Genotype–Phenotype correlations of SCARB2 associated clinical presentation: a case report and in-depth literature review

Authors: Burcu Atasu, Ayse Nur Ozdag Acarlı, Basar Bilgic, Betül Baykan, Erol Demir, Yasemin Ozluk, Aydin Turkmen, Ann-Kathrin Hauser, Gamze Guven, Hasmet Hanagasi, Hakan Gurvit, Murat Emre, Thomas Gasser, Ebba Lohmann

Published in: BMC Neurology | Issue 1/2022

Abstract

Background

Biallelic pathogenic variants in the SCARB2 gene have been associated with action myoclonus-renal failure (AMRF) syndrome. Even though SCARB2 associated phenotype has been reported to include typical neurological characteristics, depending on the localization and the feature of the pathogenic variants, clinical course and the presentations have been shown to differ.

Case presentation

Whole exome sequencing (WES) analysis revealed a homozygous truncating variant (p.N45MfsX88) in SCARB2 gene in the index case, and subsequent sanger sequencing analysis validated the variant in all affected family members from a Turkish family with the clinical characteristics associated with AMRF and related disorders. Intrafamilial clinical heterogeneity with common features including dysarthria, tremor and proteinuria, and distinct features such as peripheral neuropathy (PNP), myoclonus and seizures between the affected cases, was observed in the family.

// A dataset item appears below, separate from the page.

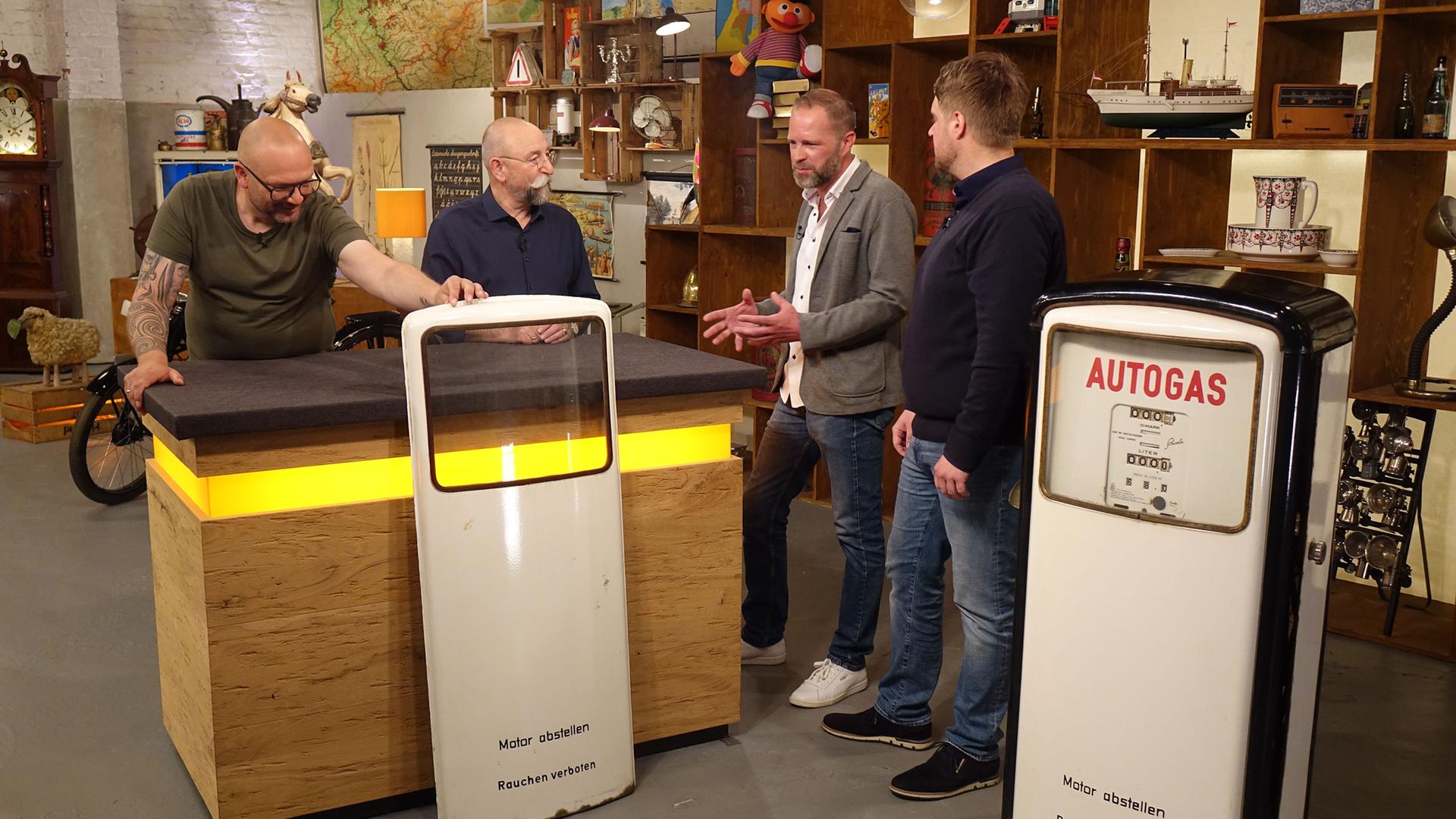Sven Deutschmanek begutachtet eine Zapfsäule. Horst Lichter und zwei Verkäufer stehen mit dem Experten am Expertisentisch.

In-depth literature review enabled the detailed investigation of the reported variants associated with AMRF and suggested that while the type of the variant did not have a major impact on the course of the clinical characteristics, only the C terminal localization of the pathogenic variant significantly affected the clinical presentation, particularly the age at onset (AO) of the disease.

Conclusions

In this study we showed that biallelic SCARB2 pathogenic variants might cause a spectrum of common and distinct features associated with AMRF. Of those features while the common features include myoclonus (100%), ataxia (96%), tonic clonic seizures (82%), dysarthria (68%), tremor (65%), and renal impairment (62%), the uncommon features involve PNP (17%), hearing loss (6.8%), and cognitive impairment (13.7%). AO has been found to be significantly higher in the carriers of the p.G462DfsX34 pathogenic variant.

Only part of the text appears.